Lynne Featherstone's suggestion that The Sun's page 3 can help fuel domestic violence has been backed up by women's groups, which warn pictures of topless women in national newspapers only serve to undermine female equality.
Women's Aid's deputy chief executive Nicki Norman told The Huffington Post UK that page 3 "sends out a strong [negative] message" to women.
"While domestic violence isn't caused directly by page 3, violence against women is a cause and consequence of women's inequality, and the page 3 phenomenon is one example of how women are objectified in the media and sends out a strong message that they should not be valued or respected," she said.
Her comments come after Lynne Featherstone, commenting on the petition to ban page 3, told The Independent on Sunday it had a "deleterious effect."
"If you are on the Tube you may find page 3 is facing you and your young daughter and you may not want that to be a role model for her," she said.
"It's about the constant drip, drip of women being sexualised in the public space [which] has a great bearing on attitudes and domestic violence."
Her comments were welcomed by the founder of the petition, Lucy Holmes, who told The Huffington Post UK: "It's exciting that MPs are coming on board to agree that boobs are not news. Lynne's view is one of scores of reasons why men and women are saying it's time for the Sun to drop page 3."
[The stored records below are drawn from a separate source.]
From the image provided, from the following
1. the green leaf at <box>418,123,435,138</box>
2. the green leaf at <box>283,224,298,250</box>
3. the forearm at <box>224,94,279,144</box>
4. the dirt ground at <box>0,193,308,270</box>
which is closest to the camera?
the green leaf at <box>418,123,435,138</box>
But Neil Wallis, former deputy editor of The Sun, defended page 3, writing in a blog for The Huffington Post UK those objecting to it were "overwhelmingly white, middle-class, aged late 20s-late 30s, university educated, work in academia, meejah, public services, know what macrobiotic means and how to use a fondue set, don't watch X Factor, go to Greece on their holidays, read the Guardian and watch Channel 4 News, [and] suffer serious sense of humour loss at certain times."